Cutafani stressed the efforts the sector is taking to decarbonise metal production including using renewable energy sources and decarbonizing the mining fleet.
"Last year, a little more than one third of the electricity we use globally, was drawn from renewable sources. By 2023, we aim to be drawing 56% of our grid supply from renewables. We're also looking to enable a renewables grid in southern Africa to unlock the value of our existing sites. … Our plan takes into account a combination of offsite wind farms, on site, photovoltaic farms, the potential for pumped hydro-electricity storage in the water we have in our underground mines," he said.
The Anglo boss said the challenge of reducing the emissions of its mining fleet led the company to develop its own 220-tonne trucks. With haul trucks representing some 10 to 15% of its scope one emissions, after OEM suppliers said they cannot produce trucks in the timeframes we were looking for. "We set about designing and building our own trucks. Our hydrogen fuel cell and battery hybrid positive track is being assembled as we speak in South Africa, and it will generate more power than its diesel predecessor. Our haul tracks contribute up to 80% of diesel emissions and by switching them to hydrogen and the hydrogen battery model, we expect to be taking the equivalent more than half a million internal combustion cars off the road," said Cutifani.
Cutifani also stressed efforts to reduce the footprint of mining operations by simultaneously reducing water and energy consumption while also delivering cost reductions and a productivity uplift. "We do this with the blasting technologies to improve ore fragmentation and increasing metal output. We're looking at ore sorting techniques to ensure we eliminate as much as possible of the waste rock before it enters the energy intensive crusher. We're looking at new classification technologies to use 30% less energy through our post particle recovery processes," he said.
George Cheveley, portfolio manager at Ninety One said investors have a key role to play in facilitating decarbonization in the mining sector, and not just by investing in the operators with the lowest carbon footprint.

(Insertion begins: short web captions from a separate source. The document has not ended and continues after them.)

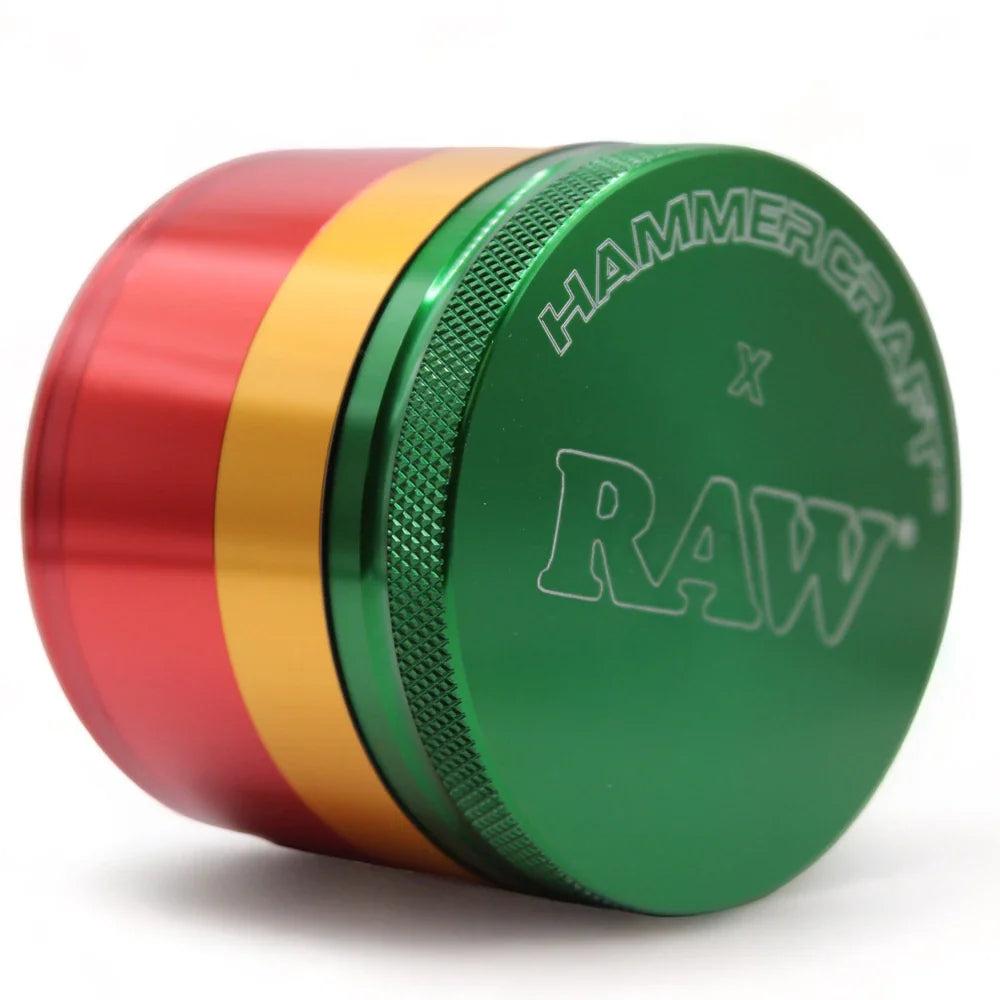 RAW x Hammercraft Rasta grinder open, showing diamond-cut teeth and mesh screen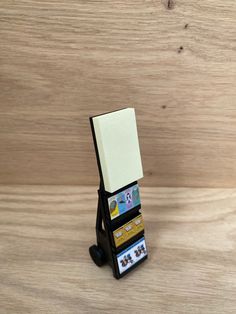 a stack of cards sitting on top of a wooden table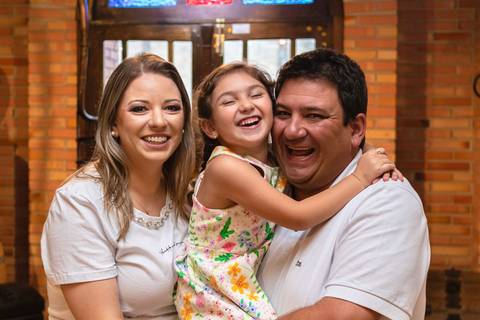 pai , mãe e filha abraçados e sorrindo'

"The way we look at ESG now is way less quantitative than we used to when we scored everybody as we realised that was too blunt. Now, we assess sectors and companies from all angles, what the externalities are and how a company is addressing them. That then informs our investment decisions around a company and what the risks are. We've then got a list of risks to talk to the company about and see how they can reduce those risks by engaging with them, are they hitting the milestones we want them to? It's maturing rapidly from a very simplistic debate only two three years ago that ESG was bad or good," he said.
Cheveley also said it is important for investors to understand the nuances between countries in different stages of development and their ability to decarbonise their energy grid or not.
"A lot of emissions are coming from emerging markets to produce goods for the developed markets. We can't just invest in developed companies and say our portfolio has less emissions. That doesn't work. We have to engage in emerging markets to find ways of helping reduce emissions," he said.